Nesse cenário, surgiu um personagem improvável para mudar o panorama: Tanner McKee, quarterback reserva do Eagles. O jogador de 24 anos morou por dois anos em Curitiba para trabalho missionário antes de ir jogar na Universidade de Stanford e serviu como professor para ensinar aos companheiros sobre o país.
"Muitos vieram me perguntar sobre a cultura, como é, a comida, as pessoas, então foi divertido. O Brasil tem uma grande influência na minha vida e em quem eu sou. Estive aqui dos meus 18 aos 20 anos, então a cultura brasileira é parte de mim. Foi legal mostrar essa parte da minha vida. O churrasco brasileiro também é incrível", compartilhou Tanner. Ele também falou em português fluente na coletiva de imprensa.

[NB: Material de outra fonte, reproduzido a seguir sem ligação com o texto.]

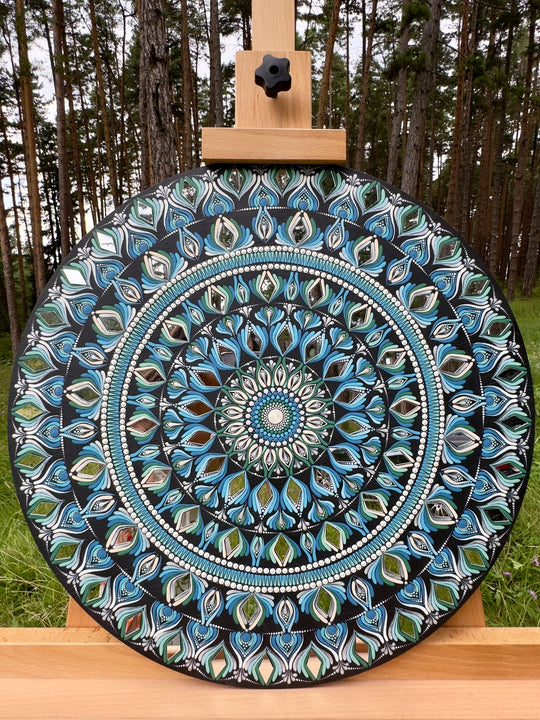 Celestial Breath | Hand-Painted Mandala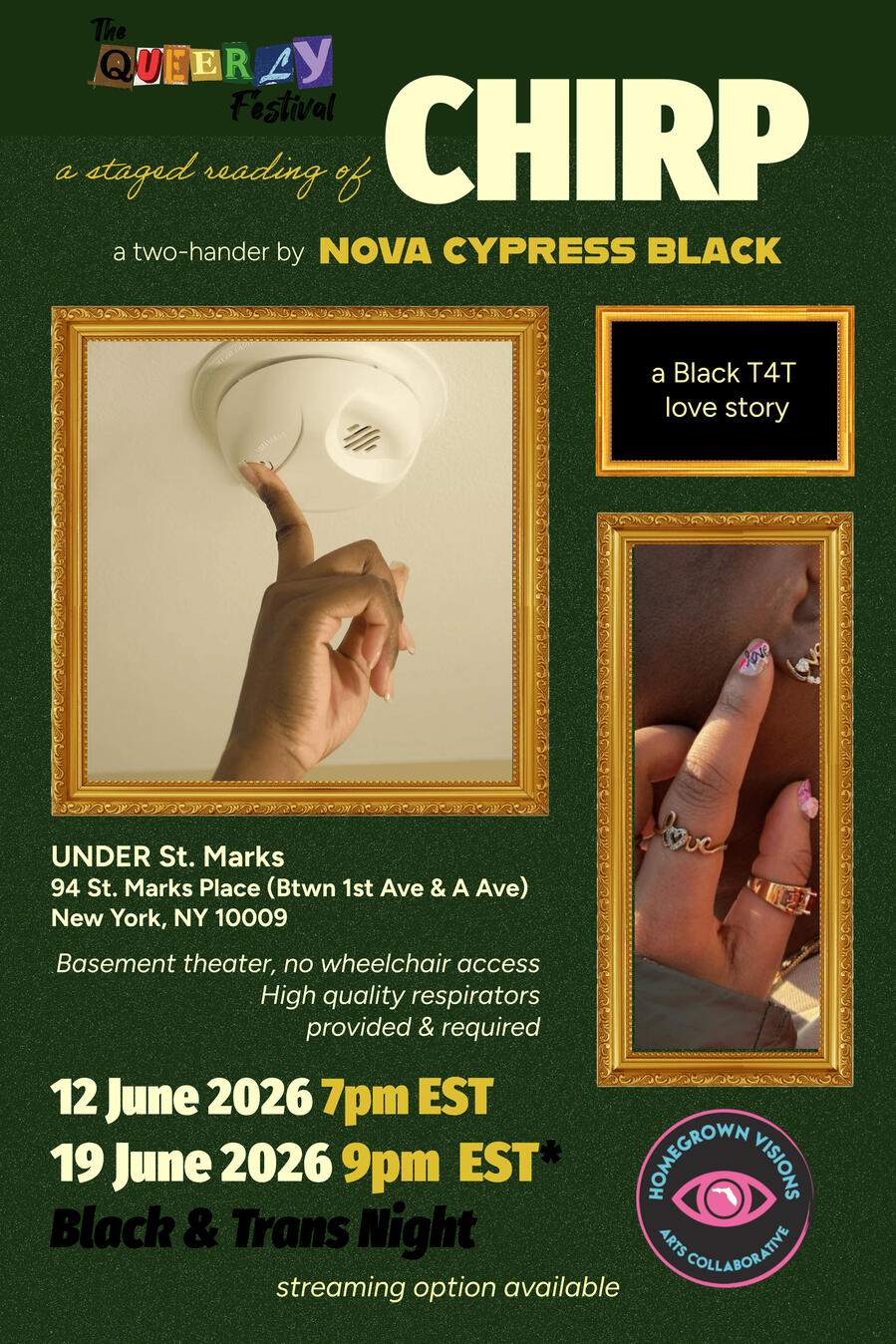 Chirp CHIRP by NOVA CYPRESS BLACK A Stage Reading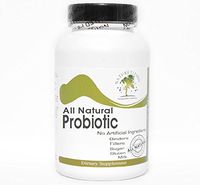 All Natural Probiotic 10 to 50 Billion Live Probiotic Cultures ~ 100 Capsules - No Additives ~ Naturetition Supplements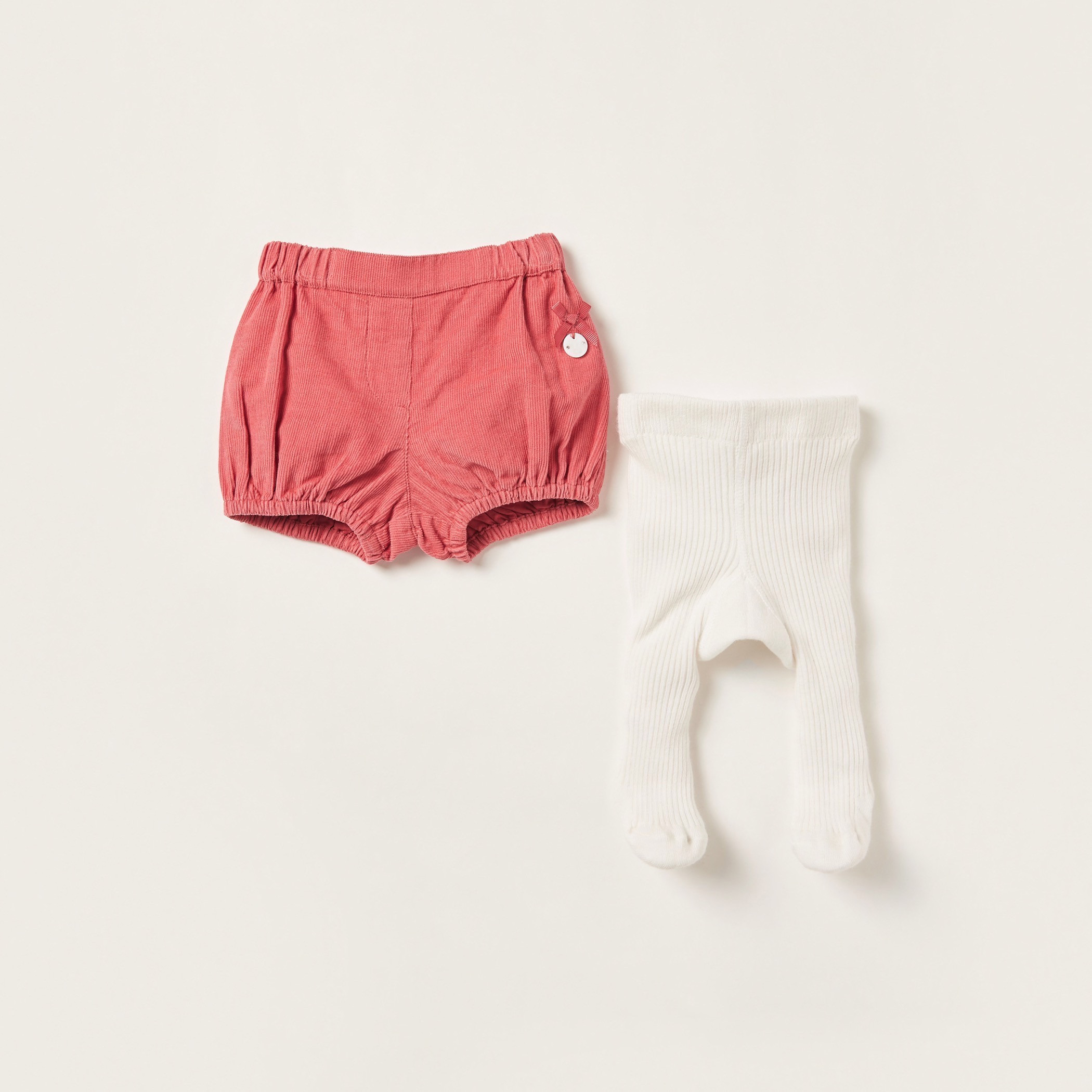 طقم شورت وكولون قطعتين من جيجلز-baby-girls-clothing-bottoms-shorts-image-1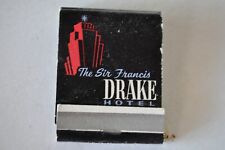Vintage Matchbook The Sir Francis Drake Hotel Front Strike picture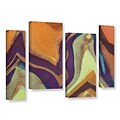 ArtWall Arrt Attack 4-Piece Gallery-Wrapped Canvas Staggered Set 24 x 36 (0uhl147i2436w)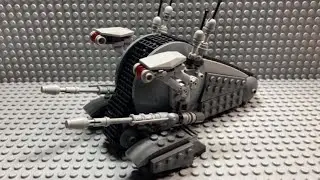 How To Build A Custom Mini Lego  Star Wars Corporate Alliance Tank Droid Tutorial 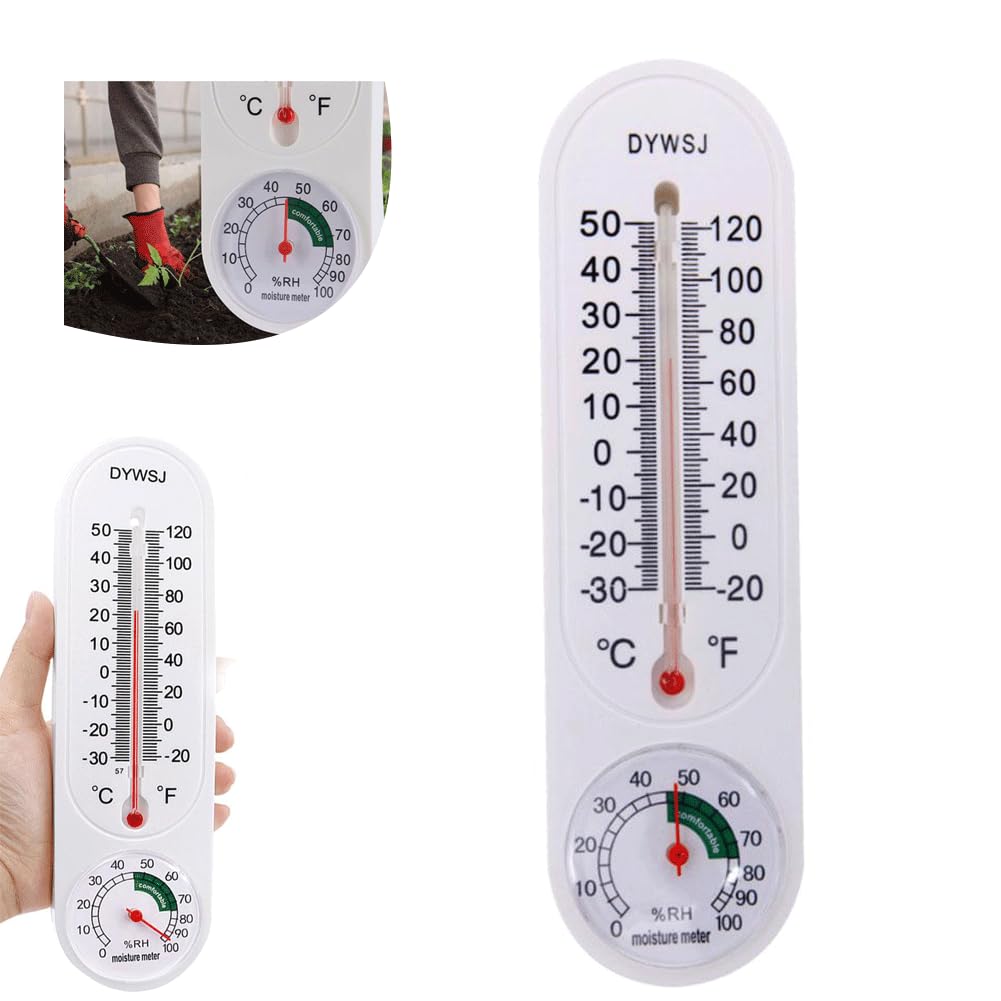 Termómetro WIFI Higrómetro, Mando A Distancia Infrarrojo Inteligente, Mini Termómetro Higrómetro LCD Digital Para Interior Con Alarma De Notificación Por Aplicación, Compatible Con Alexa Y Google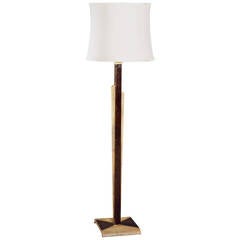 Shagreen and Palmwood Standard Lamp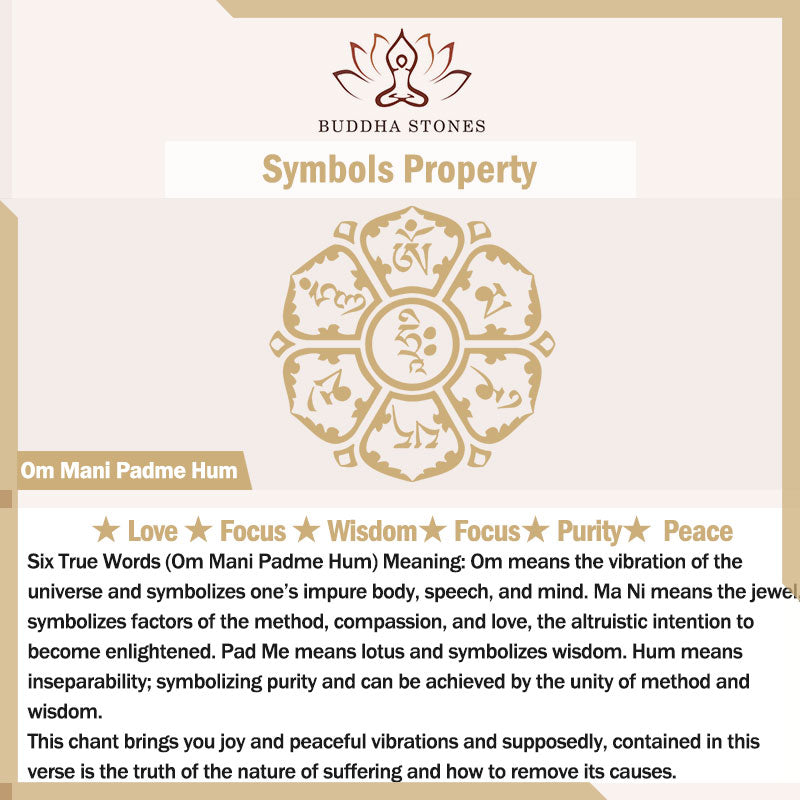 Om Mani Padme Hum Protection Luck String Bracelet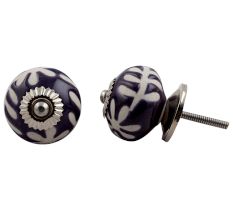 Purple Etched Ceramic Knob 45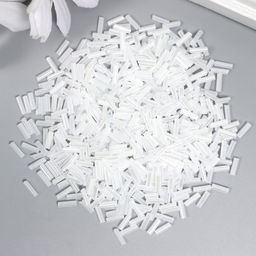 Стеклярус размер 6 мм «Белая устрица», 20 г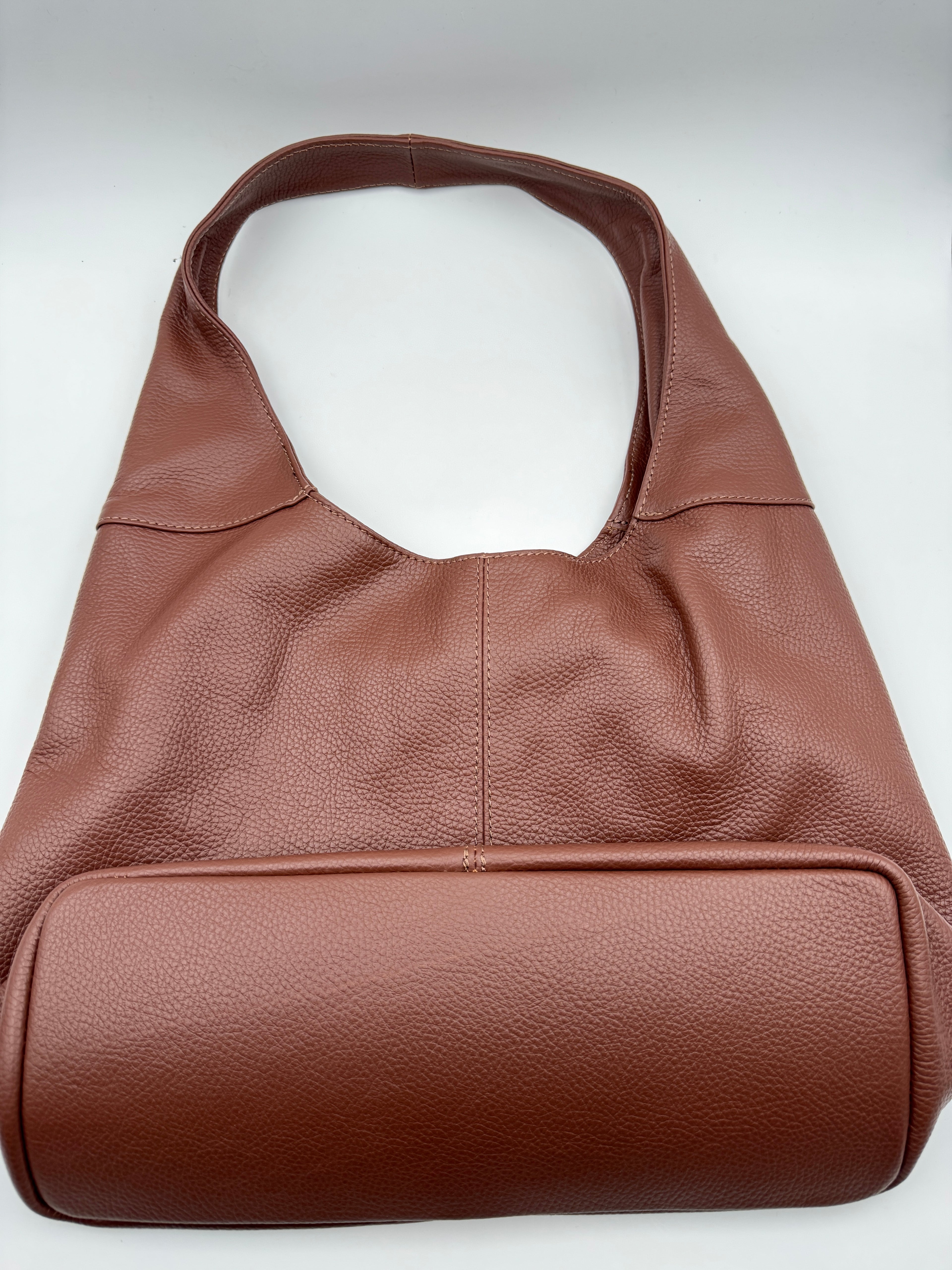 Borsa Tote LOTO - in Vera Pelle Martellata Made in Italy
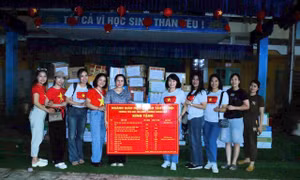 Hà Nội: Hành trình nhân ái của trường Tiểu học Tân Định đến vùng lũ Thái Nguyên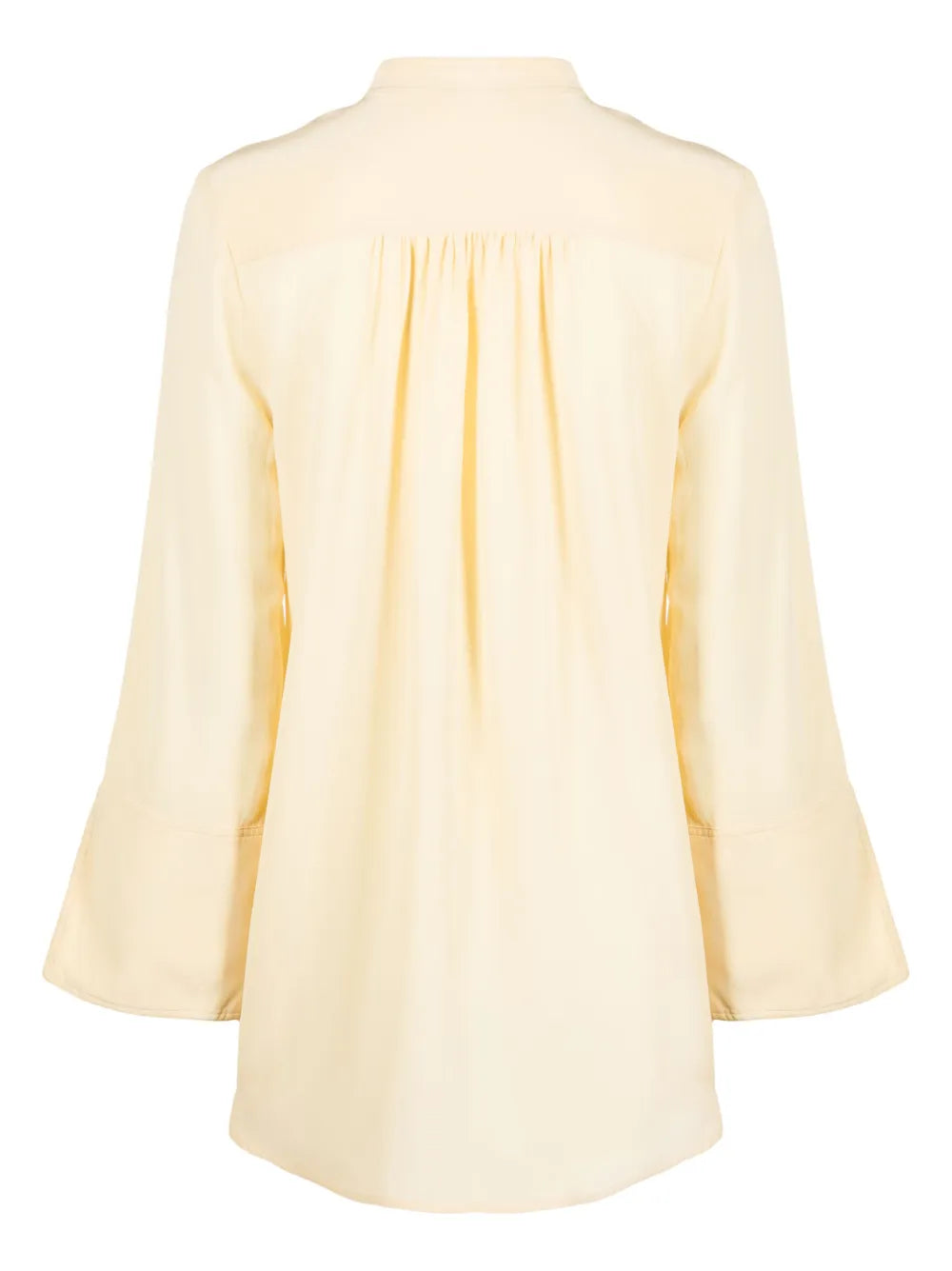 Silk Bell-Sleeves Blouse
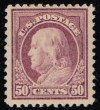  US Stamp 517 50c Red Violet 1922 25 Flat Plate 11P MH OG Stamp 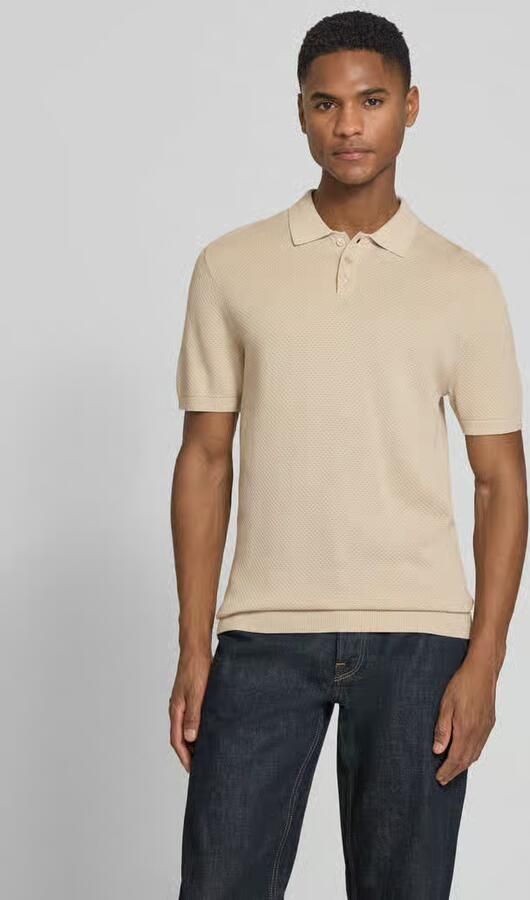 Drykorn slim fit poloshirt met structuurpatroon model 'TRITON' - Foto 3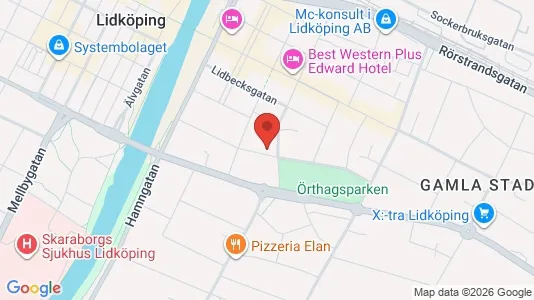 Apartments for rent i Lidköping - kort over placeringen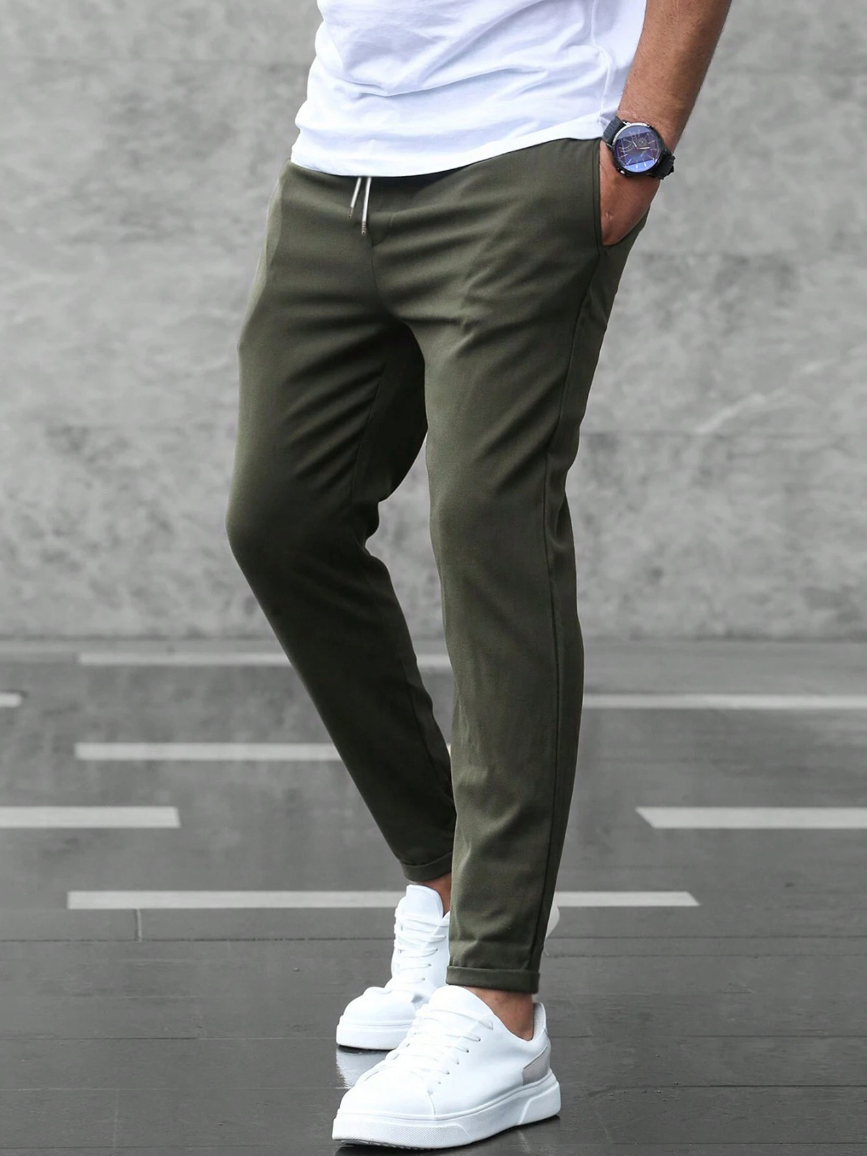 Women's Stretch Trousers - Premium Comfort Black Pants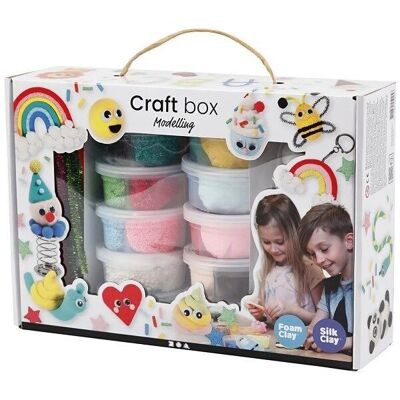 Creative box - Silk and Foam Clay modeling clay + accessories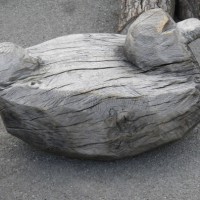 11. Large Duck Rocker in oak.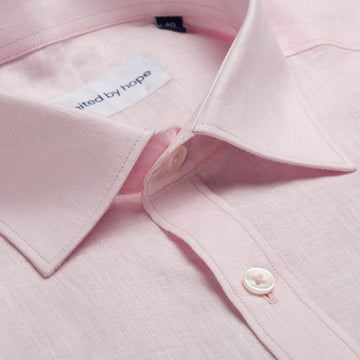 giza-cotton-shirts-for-men - Light Pink Linen Shirt - United by Hope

Embaixador do Brasil no vestiário, o atleta, que usa uma bandeira do país no capacete, explicou a atitude dos companheiros de equipe, que depois se desculparam pelos comentários. "Acho que as pessoas geralmente têm medo daquilo que elas não conhecem. É um país que muitos deles não visitaram, não falam o idioma e conhecem pouco sobre o que se passa aqui, então é normal que tenham um pouco de medo. Mas, com um tempo aqui, eles vão ver que o povo é ótimo, simpático, e vão ter experiências que vão mudar a visão deles. Não é porque não gostam do Brasil ou do brasileiro, é só porque eles não conhecem", justificou.
Outro elemento desconhecido dos jogadores é o comportamento da torcida nos estádios de futebol, no qual quanto mais incentivo vier das arquibancadas o tempo inteiro, melhor. No futebol americano, a tática é usar o barulho dos fãs para atrapalhar o adversário quando o time da casa estiver na defesa, e o silêncio a favor na hora de atacar.
"O que eu queria dizer à torcida do Brasil é: seja o mais alto possível quando Green Bay tiver a bola, mas, quando o Eagles tiver a posse, é para estar o mais quieto que der. Quando fizermos o 'Fly Eagles fly' (movimento com os braços imitando uma ave voando) é a hora do silêncio", brincou Sirianni.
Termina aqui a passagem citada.